Voici les capacités qu’elles attendent de la part des personnes qu’elles recrutent.

Capacité à faire équipe

Convaincue de la primauté qu’il convient de donner à la notion d’équipe, Voyelle Acker décrit ainsi la philosophie de Small Creative : “Chaque expérience est une montée en compétence collective. Les nouvelles recrues qui comprennent l’état d’esprit du studio et qui montrent le goût d’apprendre des autres sont en général celles qui s’épanouissent avec nous et qui nous apportent en retour : la compétence globale d’une équipe aide chacun à progresser dans son propre poste, et le collectif se construit dans la curiosité, la sociabilité, la bienveillance et le partage.”

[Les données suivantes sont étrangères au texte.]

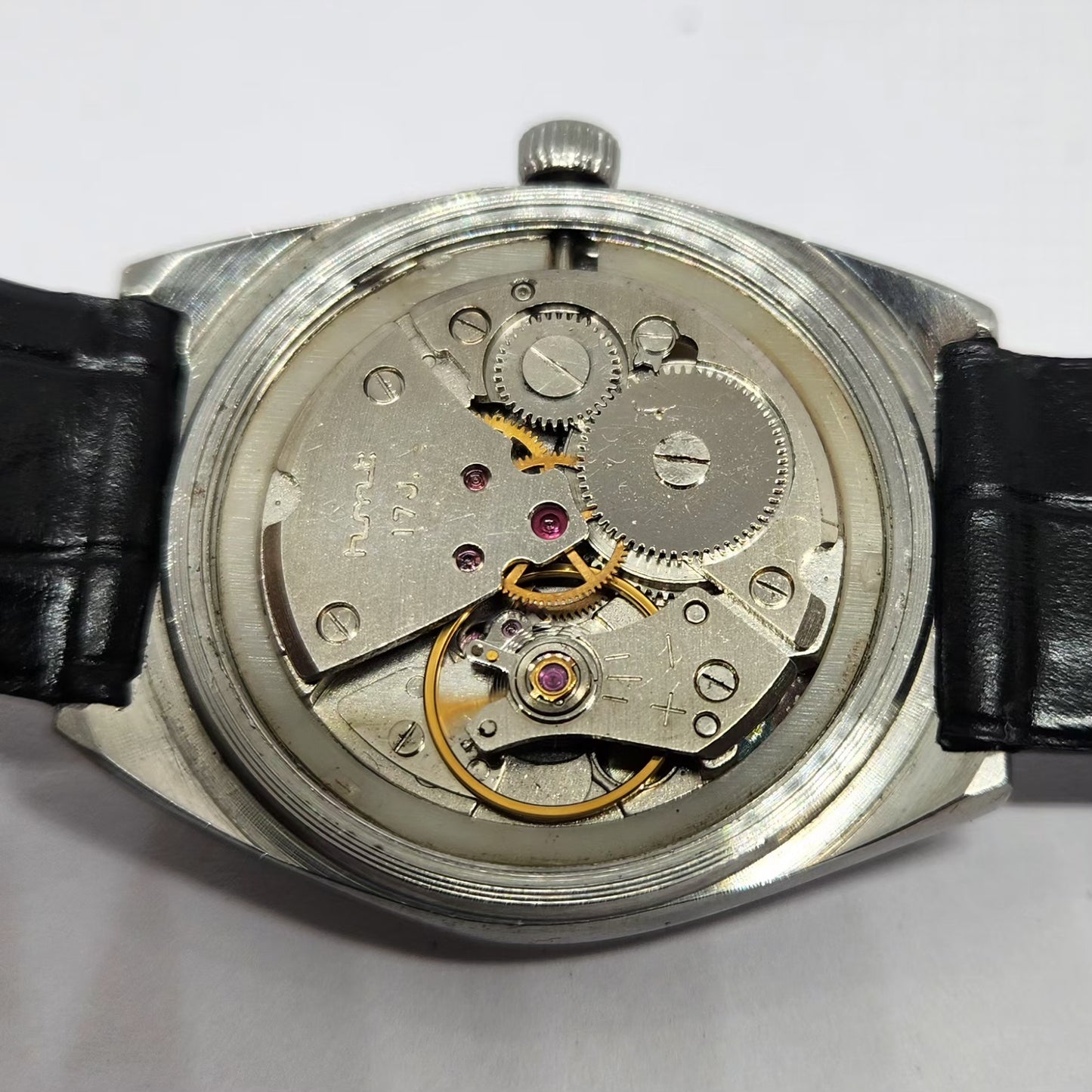 Vintage Original HMT Chirag Hand Winding 17 Jewels Gold Face Men's Wrist Watch HM130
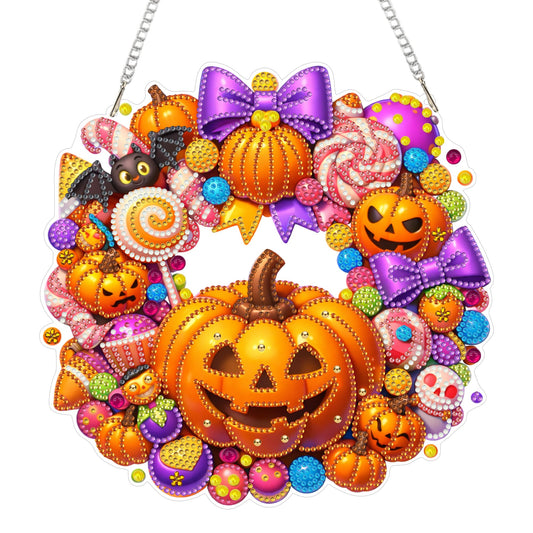 Eiflow Diamond Art Hanging Kit for Adults Candy Pumpkin, DIY Diamonds Pearl Painting Door Hanger Board Kit, Special Crystal Diamond Art Painting Pendant Ornament (Halloween Wreath)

Savoir communiquer pour collaborer

Au fondement d’une sociabilité collaborative, Pierre Cattan place la capacité de communication et donc d’écoute : “La production est un sport d’équipe. Il faut maîtriser les outils, mais d’abord savoir communiquer pour collaborer : bien comprendre ce qu’on attend de nous, bien faire comprendre ce qu’on attend des autres… J’insiste avant tout sur la façon dont on s’écoute et dont on favorise ainsi la collaboration dans le groupe.”

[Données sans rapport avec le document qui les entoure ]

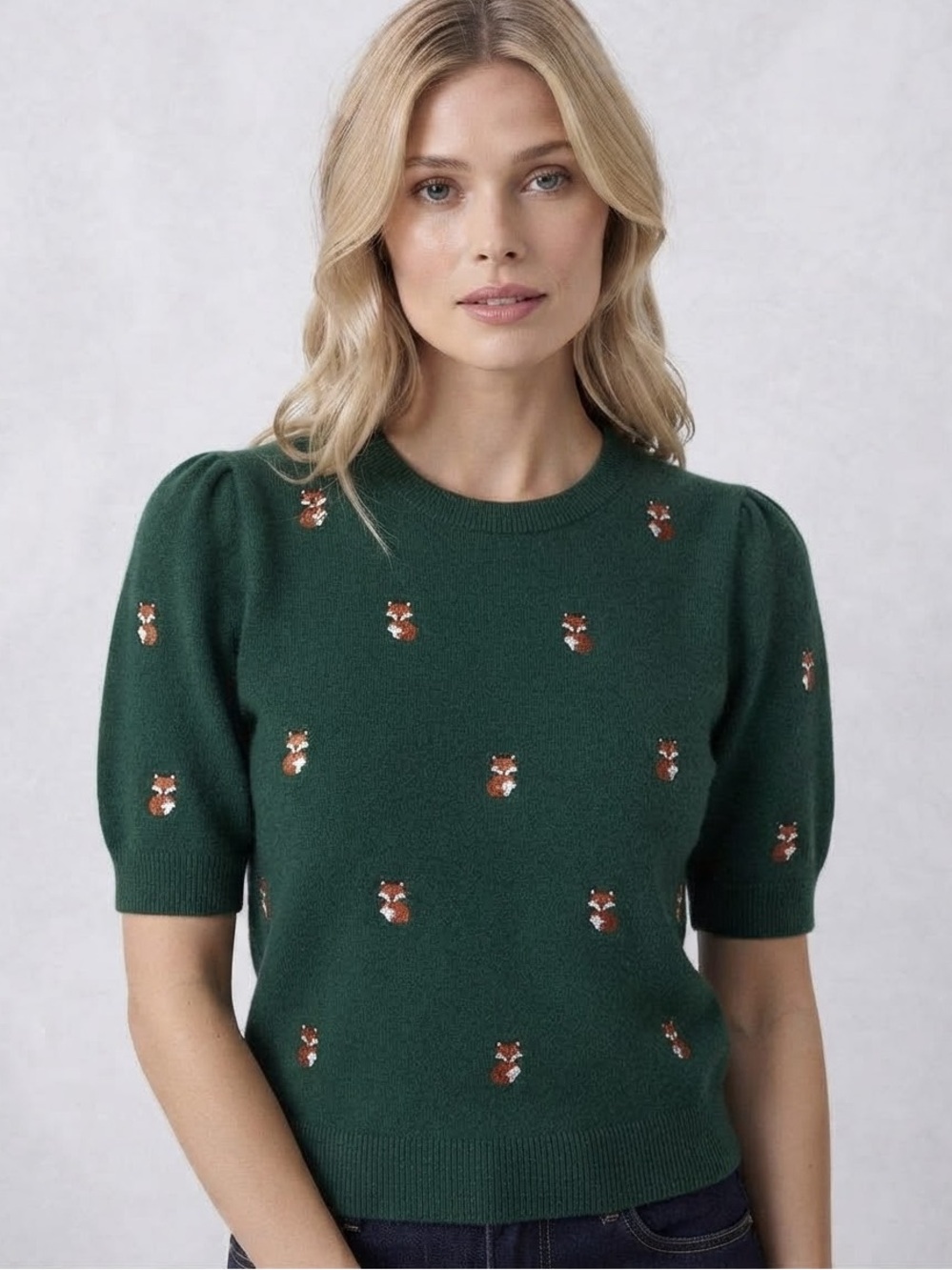 Calligraphie Anthropologie Green Fox Embroidered Short Sleeve Sweater Top  NWT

Plus précisément encore, Joëlle Caroline met en valeur la capacité d’expression orale comme écrite : “Sortiront du lot celles et ceux qui seront capables de s’exprimer correctement et sans faute, en mettant en avant des idées, en posant un discours pour être compris par les autres.” Savoir travailler, c’est aussi savoir présenter son travail, sa vision, ses convictions ».

Embrasser le changement

Avec l’intensité d’innovation qui caractérise désormais l’art et les industries de l’image, Michel Reilhac voit quant à lui dans “l’aptitude à embrasser le changement” une valeur pivot à inculquer : “Si la stabilité a longtemps été une aspiration dominante, c’est la capacité de changement qui devient prépondérante. On doit se projeter dans la perspective de se transformer complètement plusieurs fois au cours d’une carrière comme d’une vie.”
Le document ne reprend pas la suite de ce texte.